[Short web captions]

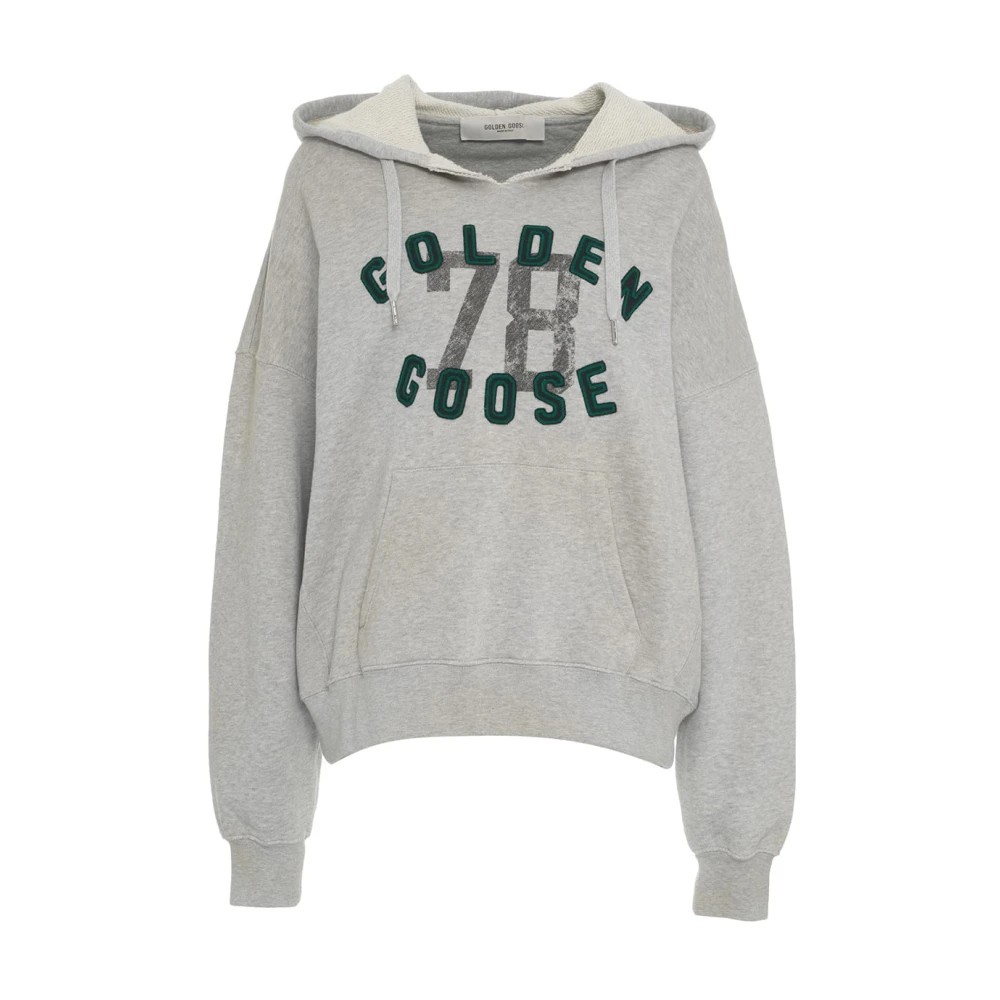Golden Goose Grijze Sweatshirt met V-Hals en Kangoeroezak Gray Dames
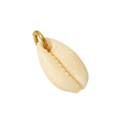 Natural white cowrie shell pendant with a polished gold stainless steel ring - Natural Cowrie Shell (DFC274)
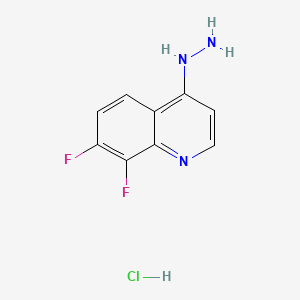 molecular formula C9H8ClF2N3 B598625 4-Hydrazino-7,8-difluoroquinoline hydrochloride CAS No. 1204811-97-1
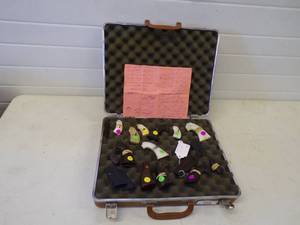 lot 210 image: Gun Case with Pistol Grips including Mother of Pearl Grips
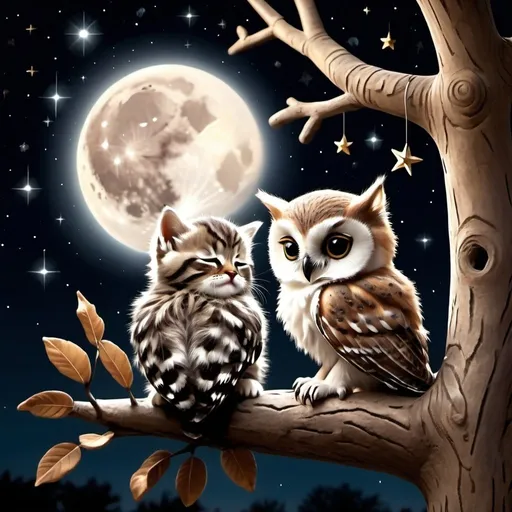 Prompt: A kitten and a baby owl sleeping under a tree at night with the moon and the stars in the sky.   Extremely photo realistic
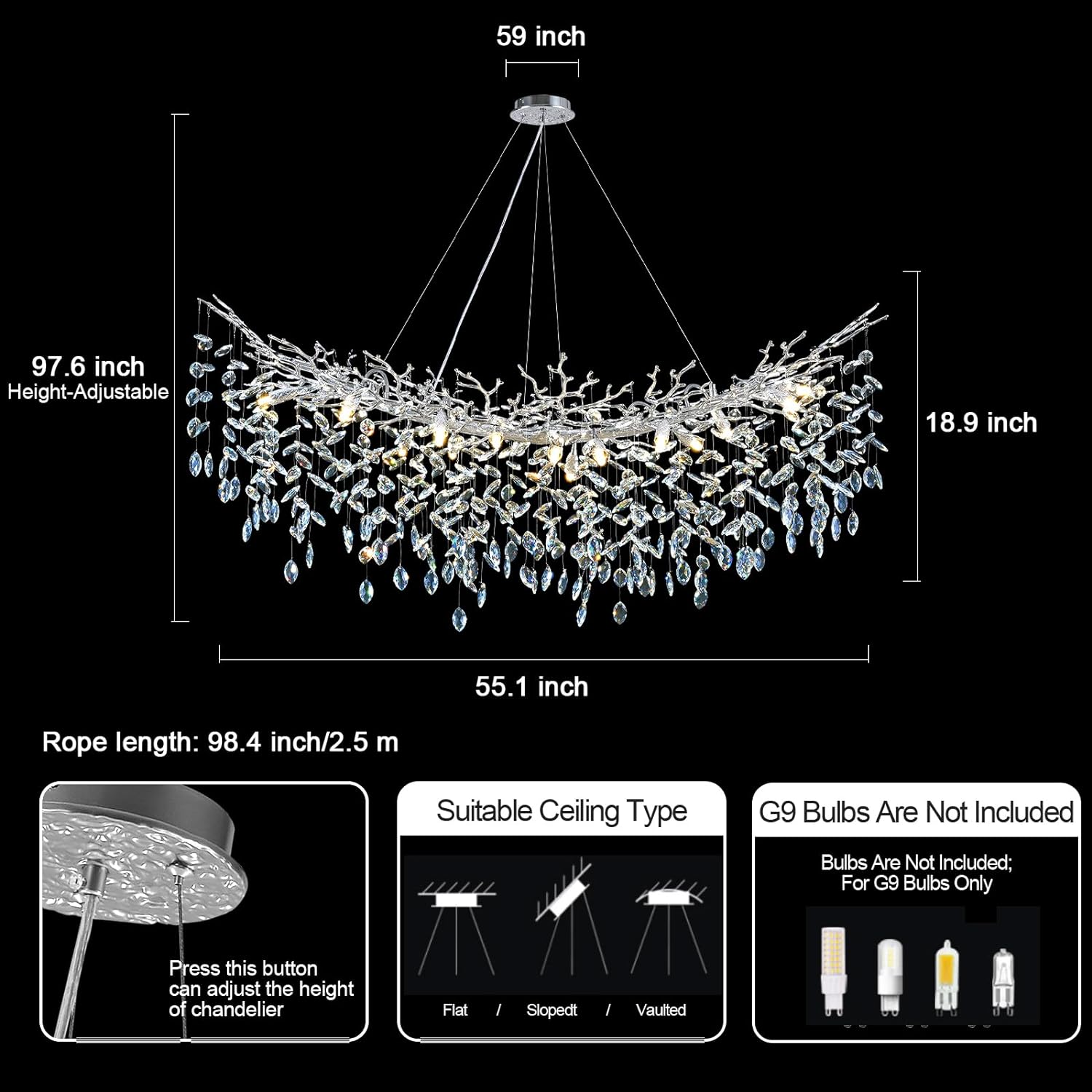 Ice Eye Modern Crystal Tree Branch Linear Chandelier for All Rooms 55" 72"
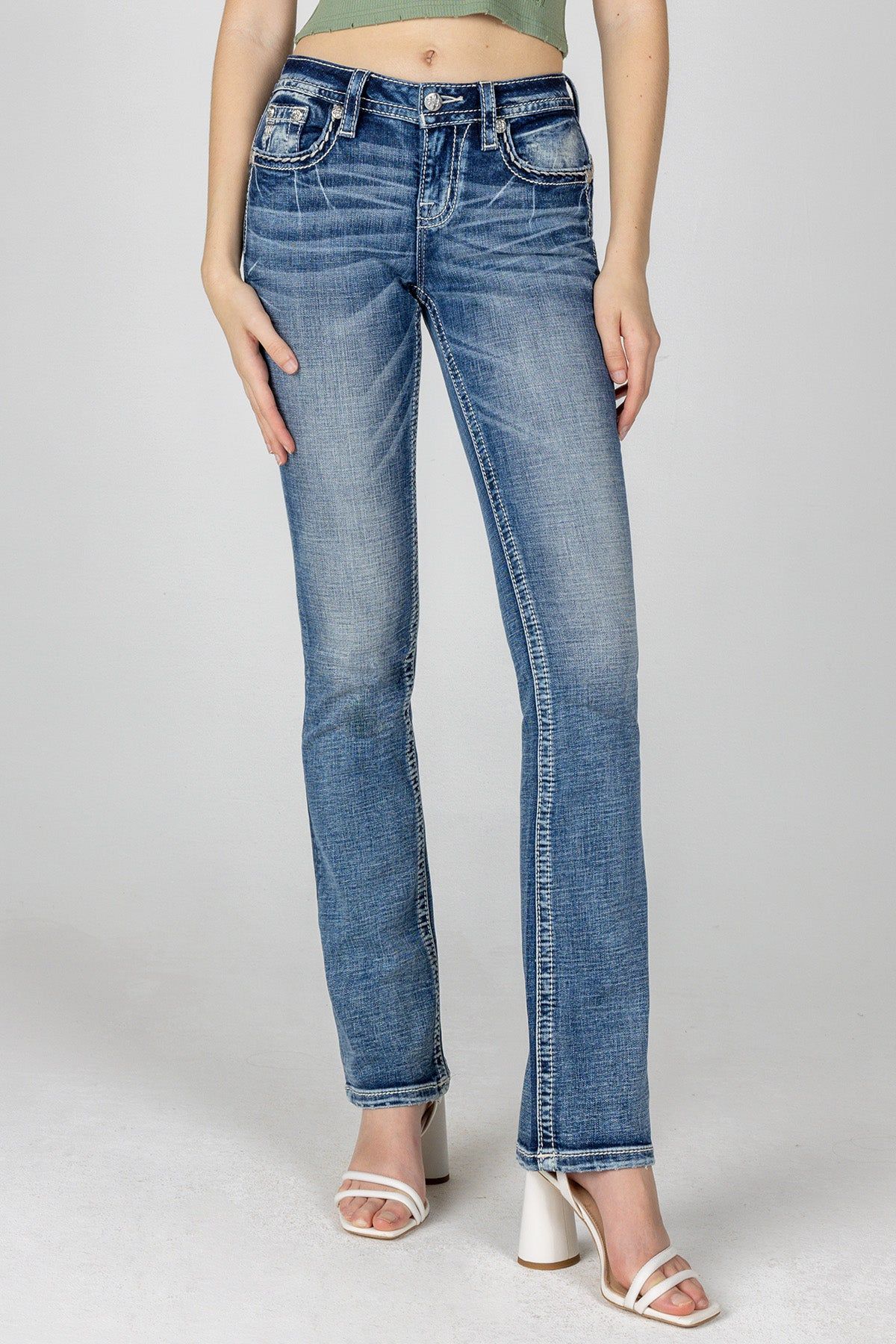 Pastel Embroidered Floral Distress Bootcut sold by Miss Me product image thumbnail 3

**Activity**
An exact copy of the data is required, with the pictures excluded.

**Answer for the task**
Golden Goose Grijze Sweatshirt met V-Hals en Kangoeroezak Gray Dames
 Natural white cowrie shell pendant with a polished gold stainless steel ring - Natural Cowrie Shell (DFC274)
 molecular formula C9H8ClF2N3 B598625 4-Hydrazino-7,8-difluoroquinoline hydrochloride CAS No. 1204811-97-1
 lot 210 image: Gun Case with Pistol Grips including Mother of Pearl Grips
 Prompt: A kitten and a baby owl sleeping under a tree at night with the moon and the stars in the sky.   Extremely photo realistic
 Ice Eye Modern Crystal Tree Branch Linear Chandelier for All Rooms 55" 72"
 Pastel Embroidered Floral Distress Bootcut sold by Miss Me product image thumbnail 3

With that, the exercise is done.